Search gives an errormessage instead of search results
Closed, ResolvedPublic

Description

Search went down on all wikis, we are working to bringing it up again. Search functionality has been disabled to avoid complications.

Original report:

When performing a search on NL wiki or Commons instead of results (or a message there are no results) I get an errormessage stating the search function is too busy. "Er is een fout opgetreden tijdens het zoeken: De zoekfunctie heeft het op dit moment heel druk. Probeer het later opnieuw." (An error occured during searching: The searchfunction is very busy at the moment. Try again later.) On Dutch Wikipedia other users are also complaining about the same problem. Problem occurs when you use a search term that isn't the name of an existing article. (Wereldelectricteitsgebruik gives the error message, Duitsland gives the Dutch article about Germany)

Event Timeline

Mbch331 raised the priority of this task from to Needs Triage.
Mbch331 updated the task description. (Show Details)
Mbch331 added a project: CirrusSearch.
Mbch331 subscribed.
Restricted Application added a subscriber: Aklapper. · View Herald Transcript
Mbch331 set Security to None.

The search function currently isn't available on all wmf wikis, SRE currently works on a solution to bring Elasticsearch back up.

jcrespo triaged this task as Unbreak Now! priority.Jun 15 2015, 10:47 AM
jcrespo subscribed.

Update: We have identified the problem and things seems going back to normality in terms of backend servers, but search functionality has to continue being disabled until we can guarantee it won't go down again.

Update: We have identified the problem and things seems going back to normality in terms of backend servers, but search functionality has to continue being disabled until we can guarantee it won't go down again.

We've stopped the bleeding but we actually don't know what caused it in the first place or why it required a full cluster restart to recover from it. But the search cluster is getting itself back into shape and should be useful soon.

A small status update:

the cluster seems to be recovering fine, but we're waiting to have multiple enwiki replicas online before we let searches reach the cluster again, in order not to be harmed again.

In the meanwhile, I've raised the replication bandwidth in order to speed things up but this takes time, alas.

Change 218338 had a related patch set uploaded (by Giuseppe Lavagetto):
poolcounter: re-enable mildly search

https://gerrit.wikimedia.org/r/218338

Change 218339 had a related patch set uploaded (by Giuseppe Lavagetto):
poolcounter: re-open search fully

https://gerrit.wikimedia.org/r/218339

Change 218338 merged by jenkins-bot:
poolcounter: re-enable mildly search

https://gerrit.wikimedia.org/r/218338

Change 218339 merged by jenkins-bot:
poolcounter: re-open search fully

https://gerrit.wikimedia.org/r/218339

Search should be fully back, I won't close the ticket until we have the cluster in a green status, but that won't happen for a while.

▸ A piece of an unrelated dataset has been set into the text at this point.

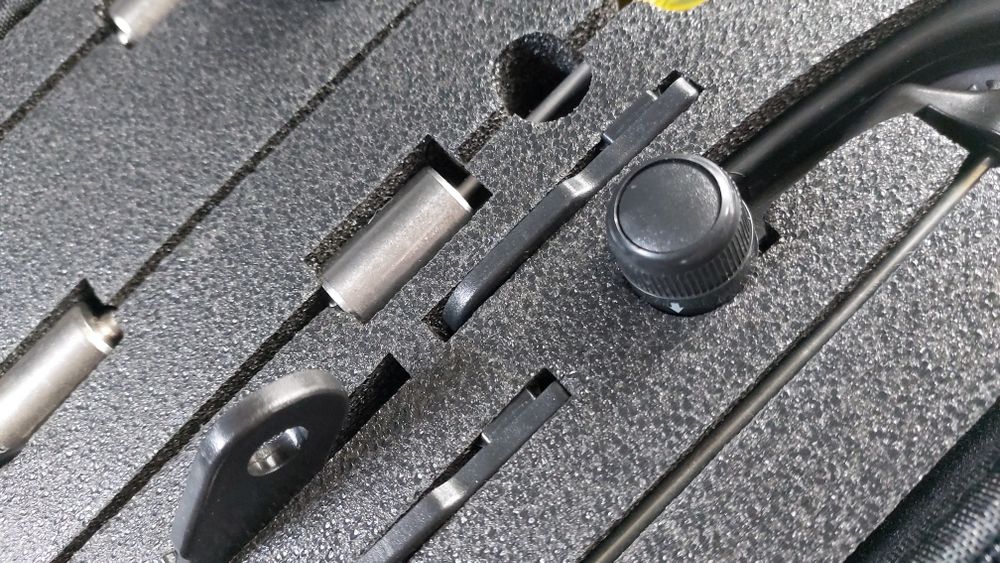 Комплект светещи обтегачи FL-01/Комплект светещи обтегачи FL3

Also downgrading severity as the user-facing issues should be over.

Joe lowered the priority of this task from Unbreak Now! to Medium.
Deskana raised the priority of this task from Medium to Unbreak Now!.Jun 16 2015, 5:02 AM
Deskana subscribed.

The problem seems to be reoccurring, so I've raised this back to "Unbreak now!".

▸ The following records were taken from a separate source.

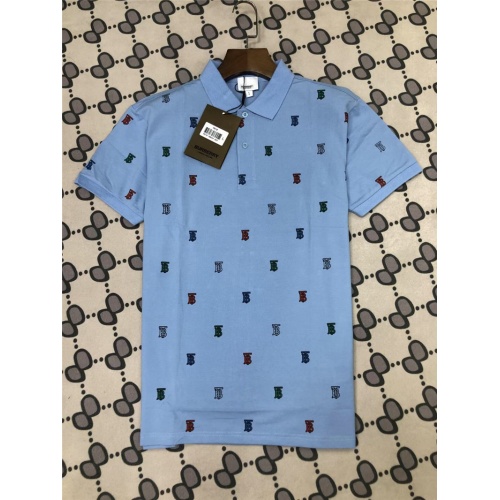 Burberry T-Shirts Short Sleeved For Men #801029 $39.00 USD, Wholesale Replica Burberry T-Shirts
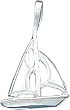 Sterling Silver Sailboat Charm
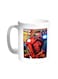 Iron Man Printed Coffee Mug White 11ounce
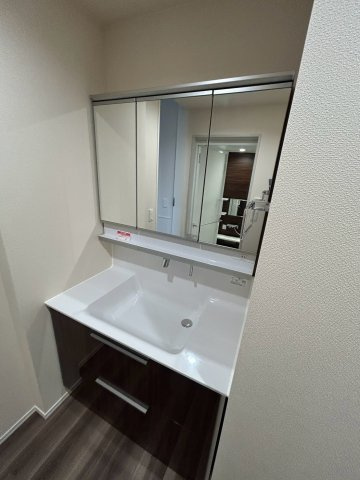 La vita西宮北口の洗面所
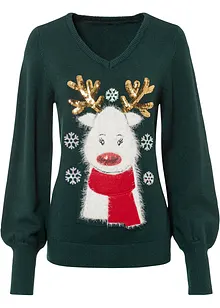 Pull de Noël, bonprix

@Manybubbles has been roused from a good sleep to wrangle ES. Work is in progress here.

Change 218589 had a related patch set uploaded (by Filippo Giunchedi):
disable search temporarily

https://gerrit.wikimedia.org/r/218589

Change 218589 merged by jenkins-bot:
disable search temporarily

https://gerrit.wikimedia.org/r/218589

fgiunchedi lowered the priority of this task from Unbreak Now! to High.EditedJun 16 2015, 6:24 AM
fgiunchedi subscribed.

recurrence today, very likely the same root cause, cluster was fully restarted and green again

Any information on what the root cause of this is? I'd love to get the Search Team to spend some time trying to prevent a recurrence.

@Deskana there is a private ticket dealing with it, as it has some implications.

@Deskana I think you can ask another staff to add you to WMF-NDA as an employee. The root cause should be (I'm not 100% sure) in the task in "Blocked By" above.